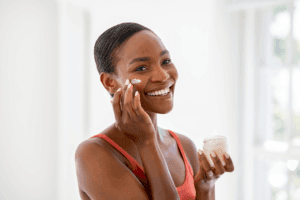 A woman applies lotion to her face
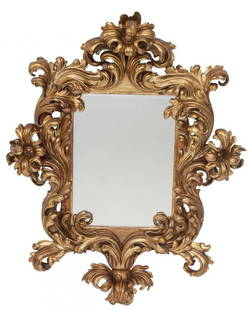 An Italian Rococo-Style Carved Gilt Wood Mirror: An Italian Rococo-Style Carved Gilt Wood Mirror measures 65 x 51 x 11 inches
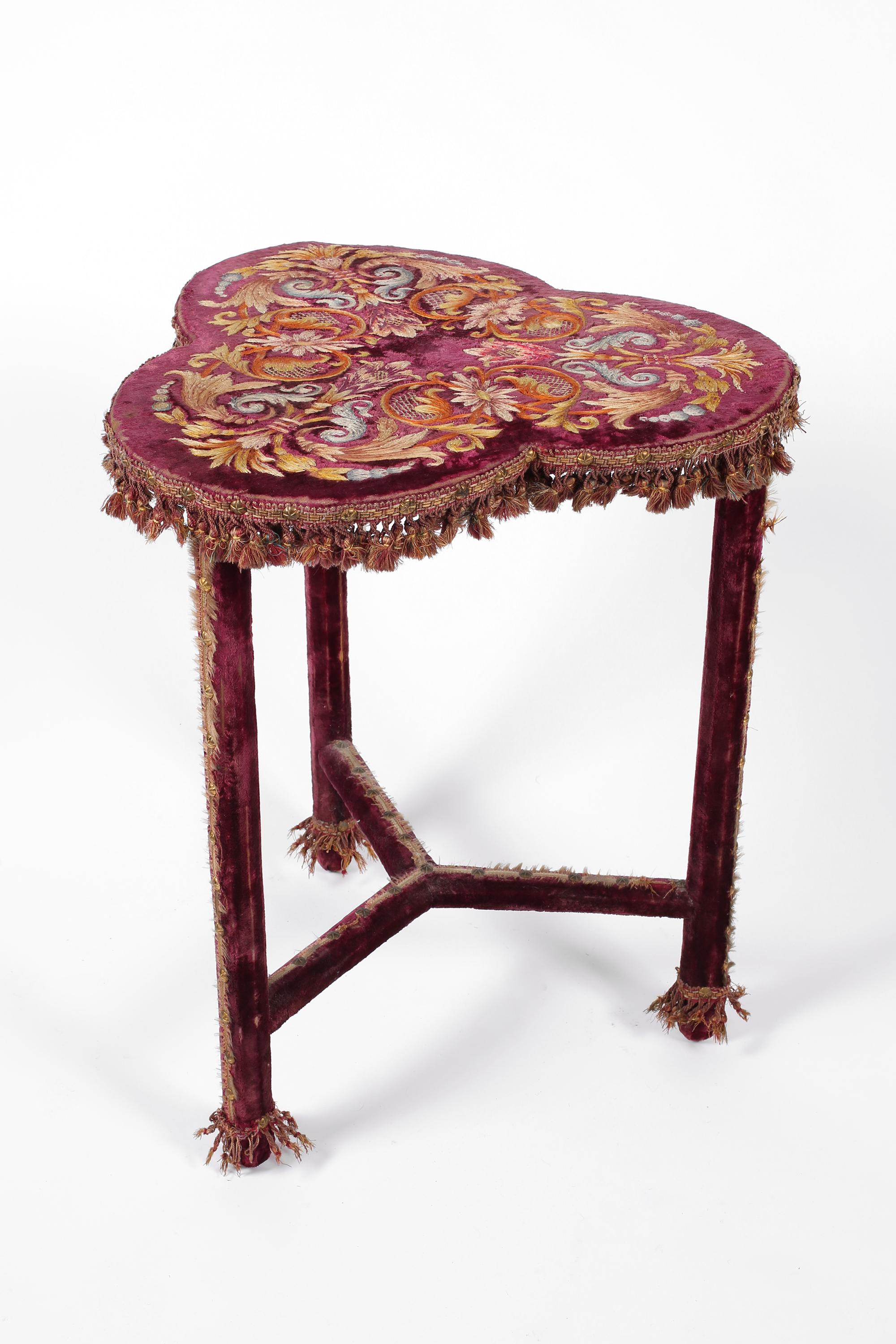 Table d'appoint Napoléon III à la broderie élaborée, tapissée d'un riche velours rouge amarante, avec des motifs floraux/foliacés complexes sur le plateau trilobé. Probablement utilisée à l'origine comme table de jeu, la surface en tissu de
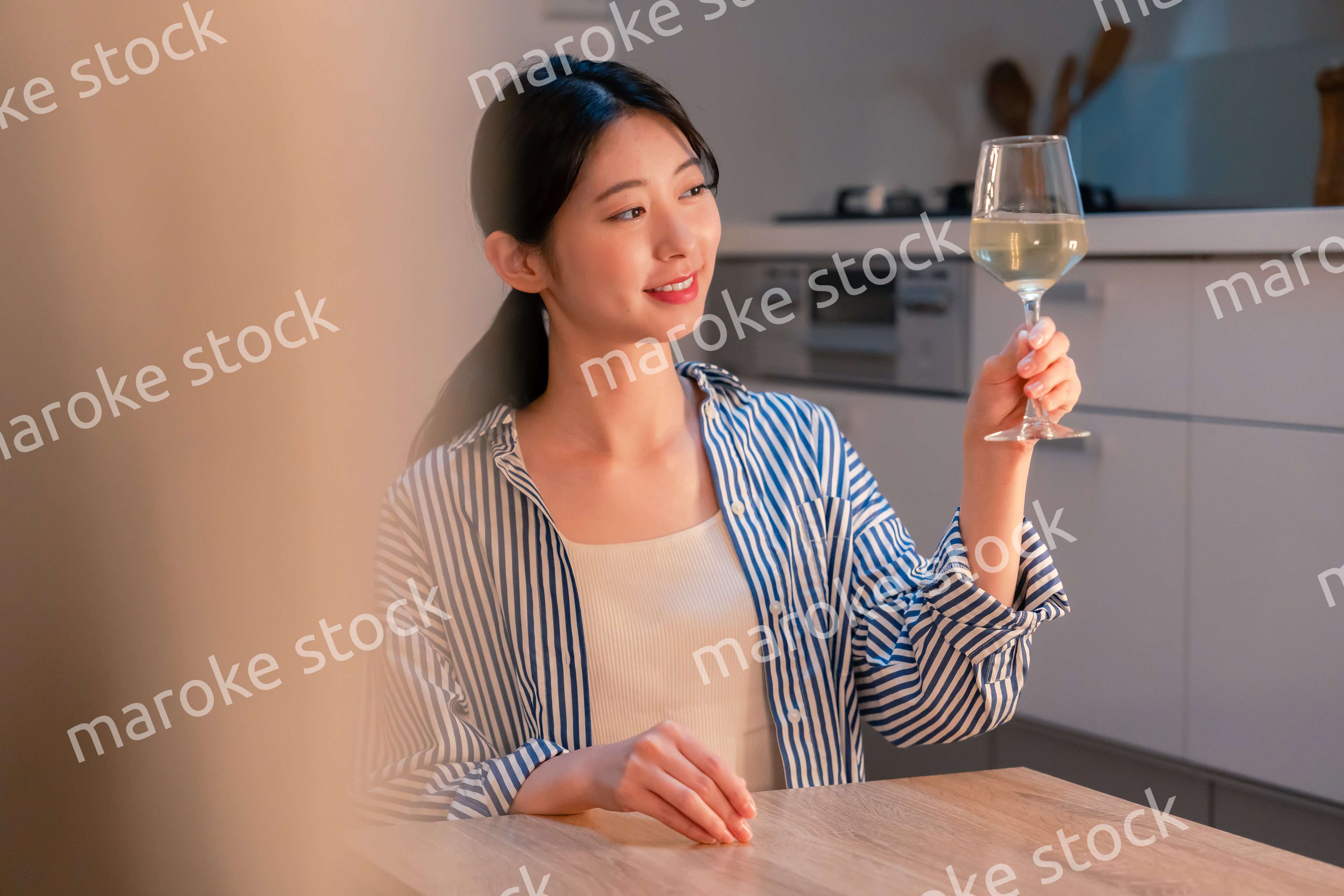 家でワインを楽しむ一人暮らしの女性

• Activity
Without the pictures, transcribe exactly the lines above from the one containing "Table d'appoint Napoléon" through the last.

• Finished task
 Table d'appoint Napoléon III à la broderie élaborée, tapissée d'un riche velours rouge amarante, avec des motifs floraux/foliacés complexes sur le plateau trilobé. Probablement utilisée à l'origine comme table de jeu, la surface en tissu de
 家でワインを楽しむ一人暮らしの女性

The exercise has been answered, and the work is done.